AUTHOR=Pflughoeft Kathryn J. , Mash Michael , Hasenkampf Nicole R. , Jacobs Mary B. , Tardo Amanda C. , Magee D. Mitchell , Song Lusheng , LaBaer Joshua , Philipp Mario T. , Embers Monica E. , AuCoin David P. TITLE=Multi-platform Approach for Microbial Biomarker Identification Using Borrelia burgdorferi as a Model JOURNAL=Frontiers in Cellular and Infection Microbiology VOLUME=9 YEAR=2019 URL=https://www.frontiersin.org/journals/cellular-and-infection-microbiology/articles/10.3389/fcimb.2019.00179 DOI=10.3389/fcimb.2019.00179 ISSN=2235-2988 ABSTRACT=

The identification of microbial biomarkers is critical for the diagnosis of a disease early during infection. However, the identification of reliable biomarkers is often hampered by a low concentration of microbes or biomarkers within host fluids or tissues. We have outlined a multi-platform strategy to assess microbial biomarkers that can be consistently detected in host samples, using Borrelia burgdorferi, the causative agent of Lyme disease, as an example.

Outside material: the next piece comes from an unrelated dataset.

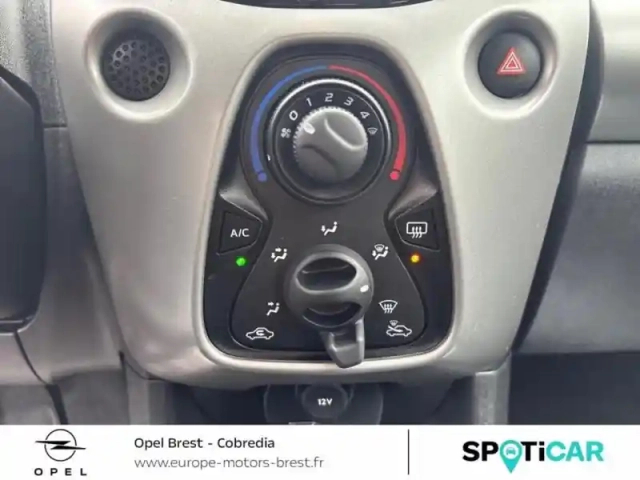 Peugeot 108 1.0 vti style 5p — photo 30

Key aspects of the strategy include the selection of a macaque model of human disease, in vivo Microbial Antigen Discovery (InMAD), and proteomic methods that include microbial biomarker enrichment within samples to identify secreted proteins circulating during infection. Using the described strategy, we have identified 6 biomarkers from multiple samples. In addition, the temporal antibody response to select bacterial antigens was mapped. By integrating biomarkers identified from early infection with temporal patterns of expression, the described platform allows for the data driven selection of diagnostic targets.